Open API System Outage - Commercial, HIPAA, Private and Gov Cloud
Incident Report for TrackVia
Postmortem

Incident Report for Red Hat 3scale

Postmortem

On May 24th of 2023 all the 3scale SaaS APIs suffered a major outage for 26 minutes.

Timeline:

  • May 24, 2023 09:03 UTC: rollout of a new version of the control plane that the 3scale SaaS uses to distribute its ingress layer configuration is completed.
  • May 24, 2023 09:04 UTC: alerts start firing for all 3scale SaaS APIs. Statistics show all requests to all APIs failing.

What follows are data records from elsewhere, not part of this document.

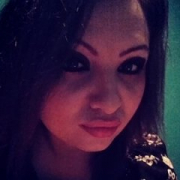 Sexyformss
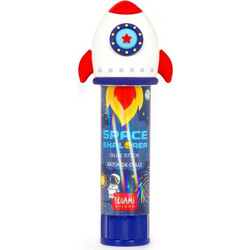 LEGAMI GLU0006 FEELIN GLUED - GLUE STICK - ROCKET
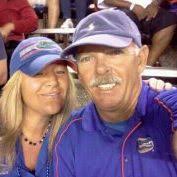 Robin Gallimore (robinleegal)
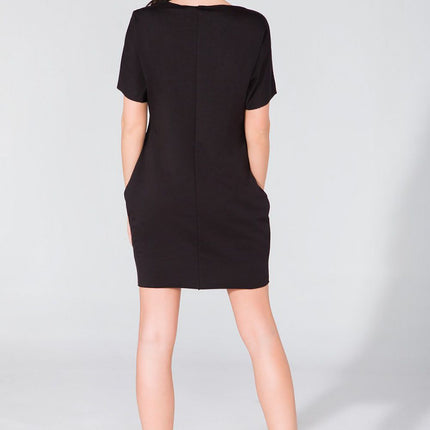  Daydress model 59005 Tessita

Given the widespread outage the rollback procedure is started some minutes later to bring the control plane back to its previous version.
  • May 24, 2023 09:30 UTC - the rollback procedure is completed and service is recovered for all APIs.

Root Cause:

The root cause has been identified as being related to the rollout strategy used to deploy the new versions of the control plane.

Preventative Actions:

Mitigations include modifying this strategy appropriately and adding some control mechanisms to make the process more robust and avoid this from happening in the future.

Posted May 24, 2023 - 08:51 MDT

Resolved
On May 24th of 2023 all the 3scale SaaS APIs suffered a major outage for 26 minutes affecting TrackVia OpenAPI processing.
Posted May 24, 2023 - 03:03 MDT